The question came from the audience, but it might as well have come from inside Jeb Bush’s own brain: “Why would you want to be President of a nation that would consider voting for Donald Trump?”
The former Florida Governor shook his head on this snowy Saturday morning. Such questions are not uncommon at Bush’s campaign events. With less than a month before voters in leadoff Iowa and New Hampshire, they are ones he has been struggling to answer for himself. These days, as he goes from event to event, it has become clear that he making his peace with a presidential campaign that is unlike anything he could have predicted, and one that might leave him and his supporters deeply disappointed.
“I don’t think Donald Trump is a reflection of the American people,” Bush answered Saturday. Then, as he was trying to make the case that his leadership experience trumped Trump’s belligerent talk, a voter interrupted, shouting “We want our jobs back!” The former frontrunner whose support has waned has nothing left to lose, and he has scarce patience for such theatrics these days. “That’s good, dude, but let me answer this young man’s question first,” Bush said.
Everywhere Bush goes, he seems overshadowed by Trump. On Friday, one voter urged him to be more precise in his discussion of Trump. Don’t call the billionaire unhinged, the mental health professional told Bush. Call him a narcissist or a sociopath. The next day, in Hampstead, N.H., a voter reminded Bush that early pundits thought his nomination was inevitable. “What happened?” the voter asked.
Bush takes these questions in stride. His strategy these days is simply to pitch himself as he is: a wonky technocrat who lacks the bombast of Trump, the charisma of Florida Sen. Marco Rubio or the purist polish of Texas Sen. Ted Cruz. “I’m not going to change who I am. I’m not,” he said. “I’m not going to play the game.” Either voters are going to go with him or they’re not. “I’m not on reality TV. I try to be reality-based,” he said.
As a result, the once-tentative campaigner has given way in recent weeks to a more confident politician. He has a foil in Trump and is developing a groove in New Hampshire. “I’m the only guy taking Donald Trump on,” Bush joked. He then jokingly crouched in a defensive position.
The question is whether the timing works in Bush’s favor, of if he’s finally getting his break too late. Bush and his super PAC have spent more than $50 million so far, though he can’t break single digits in most early state or national polls. “This isn’t bean bag. You have to put your big boy pants on sometimes and fight for what you believe,” Bush told voters in Hampstead.
His bet is that voters will reward his wonkiness that, at first, was seen as a liability. “I still believe that ideas and policies have consequences,” Bush likes to tell his audiences. Compared to Trump’s flimsy policy proposals and heated rhetoric, Bush claims to like his odds. “If you repeat something over and over again, it becomes true. It doesn’t, but that’s the way Donald rolls,” Bush mocked his rival. “If Trump wants to have a debate on this, it would be a complete mismatch.”

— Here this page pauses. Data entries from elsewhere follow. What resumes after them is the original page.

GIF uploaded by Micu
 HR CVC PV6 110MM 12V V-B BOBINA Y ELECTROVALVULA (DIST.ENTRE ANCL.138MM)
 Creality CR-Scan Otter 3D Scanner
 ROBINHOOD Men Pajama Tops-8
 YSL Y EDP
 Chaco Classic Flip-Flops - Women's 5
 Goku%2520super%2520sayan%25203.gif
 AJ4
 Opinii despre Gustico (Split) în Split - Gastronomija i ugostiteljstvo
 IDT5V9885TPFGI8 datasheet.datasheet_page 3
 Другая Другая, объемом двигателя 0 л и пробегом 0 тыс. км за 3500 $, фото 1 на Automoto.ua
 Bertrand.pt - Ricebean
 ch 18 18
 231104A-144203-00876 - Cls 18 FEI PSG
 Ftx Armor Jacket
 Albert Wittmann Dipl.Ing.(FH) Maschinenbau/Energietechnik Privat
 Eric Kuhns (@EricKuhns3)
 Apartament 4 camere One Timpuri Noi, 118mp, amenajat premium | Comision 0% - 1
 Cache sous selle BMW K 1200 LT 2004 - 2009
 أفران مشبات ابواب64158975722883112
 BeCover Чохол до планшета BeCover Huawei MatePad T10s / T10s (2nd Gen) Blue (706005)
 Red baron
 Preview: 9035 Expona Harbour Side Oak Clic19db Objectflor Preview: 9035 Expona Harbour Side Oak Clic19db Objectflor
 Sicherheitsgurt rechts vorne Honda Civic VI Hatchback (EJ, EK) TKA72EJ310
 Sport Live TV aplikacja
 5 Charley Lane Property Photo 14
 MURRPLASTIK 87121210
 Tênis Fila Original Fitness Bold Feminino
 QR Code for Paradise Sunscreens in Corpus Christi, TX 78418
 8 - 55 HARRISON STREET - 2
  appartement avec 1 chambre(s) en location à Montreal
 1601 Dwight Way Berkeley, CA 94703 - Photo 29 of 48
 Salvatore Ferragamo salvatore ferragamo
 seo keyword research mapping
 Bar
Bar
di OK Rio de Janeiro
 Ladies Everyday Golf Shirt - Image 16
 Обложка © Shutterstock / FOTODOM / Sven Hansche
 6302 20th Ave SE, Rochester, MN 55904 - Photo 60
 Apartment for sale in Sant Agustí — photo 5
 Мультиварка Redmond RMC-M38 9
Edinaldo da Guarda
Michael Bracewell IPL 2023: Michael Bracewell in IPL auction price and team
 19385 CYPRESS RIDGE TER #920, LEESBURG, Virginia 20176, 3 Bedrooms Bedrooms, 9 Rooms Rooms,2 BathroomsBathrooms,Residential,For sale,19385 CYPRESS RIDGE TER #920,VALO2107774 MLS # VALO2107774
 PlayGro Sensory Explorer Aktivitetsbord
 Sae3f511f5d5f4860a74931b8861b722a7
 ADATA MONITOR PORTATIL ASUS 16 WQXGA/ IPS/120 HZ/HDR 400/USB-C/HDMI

The question remains, however, what to do about Trump, the current frontrunner who has remained atop the heap far longer than anyone expected. “I think the world is volatile. Politics is volatile. He’s volatile,” Bush tells TIME in an interview. “New Hampshire decides late. They’re discerning voters. I will put my trust in them.”
That is really his own option, given the electoral environment where he finds himself. “There’s a mythology that’s built up for all candidates,” Bush said Saturday. Trump’s story is that he’s the frontrunner and that Bush is a low-energy loser. Both, Bush said, were false. He then thanked his audience for its patience while he tried to sort out his place in the race. “It was like giving me therapy,” Bush said.